Je me souviens qu’un jour, dans un village de brousse à Madagascar, je donnais une retraite à une centaine d’enfants qui se préparaient à leur première communion. Vers 17 h, je célèbre la messe à laquelle ils assistent ainsi qu’un certain nombre de leurs parents qui les accompagnent et à qui je donne la communion. Mais à ce moment-là, je me suis dit : ces parents qui accompagnent leurs enfants à la messe, ils communient ; mais les autres parents qui n’assistent pas à la messe parce qu’ils sont dans la cour de l’église, occupés à cuire le riz pour le repas du soir, eux qui se donnent pour le service des autres, est-ce qu’ils ne sont pas eux aussi en communion avec le Christ tout autant que ceux qui, assistant à la messe, reçoivent une hostie ?

Dans le récit du jugement dernier dans l’Évangile, le Christ tient à nous montrer que les élus le sont parce qu’ils ont fait des choses apparemment banales : « Venez ici, les bénis de mon Père… car j’ai eu faim et vous m’avez donné à manger, j’ai eu soif et vous m’avez donné à boire… » Mais ces gestes sont un authentique service de Dieu, même s’ils ne s’en rendent pas compte, parce que « chaque fois que vous l’avez fait à l’un de ces plus petits qui sont mes frères, c’est à moi que vous l’avez fait » (Mt 25, 34-35.40).

Que retenir de tout cela ?

Le Saint Sacrement, c’est le sacrement du Christ qui donne sa vie pour nous. Quand nous recevons la communion, nous ne recevons pas le Christ enfant à Nazareth ou le Christ enseignant les foules, mais le Christ en train de se donner. La vie qu’il nous donne et dont il veut que nous vivions, c’est une vie qui se donne pour les autres. Être chrétien, c’est donc donner sa vie pour les autres. Saint Jean nous le rappelle : « Lui, Jésus, a donné sa vie pour nous ; nous aussi, nous devons donner notre vie pour nos frères » (1 Jn 3, 16).

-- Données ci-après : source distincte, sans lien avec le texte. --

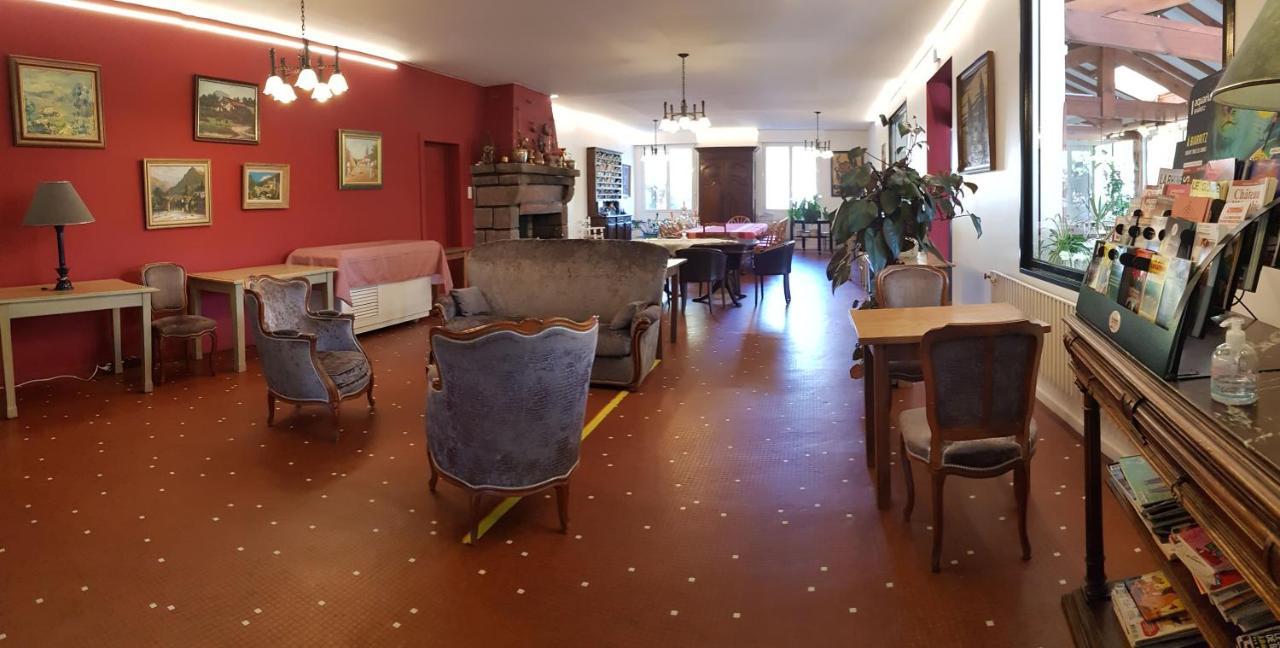 Hotel Pyrenees Atlantique Saint-Pee-sur-Nivelle Bagian luar foto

Le Saint Sacrement, c’est une nourriture qui entretient au jour le jour la vie divine reçue au baptême, nous permet de résister aux tentations d’égoïsme et d’avoir la force et le courage de communier avec le Christ en nous donnant au service des autres. Car le service des autres est une authentique communion avec le Christ tout autant que le fait de recevoir une hostie consacrée, même si, la plupart du temps, nous ne nous en rendons pas compte.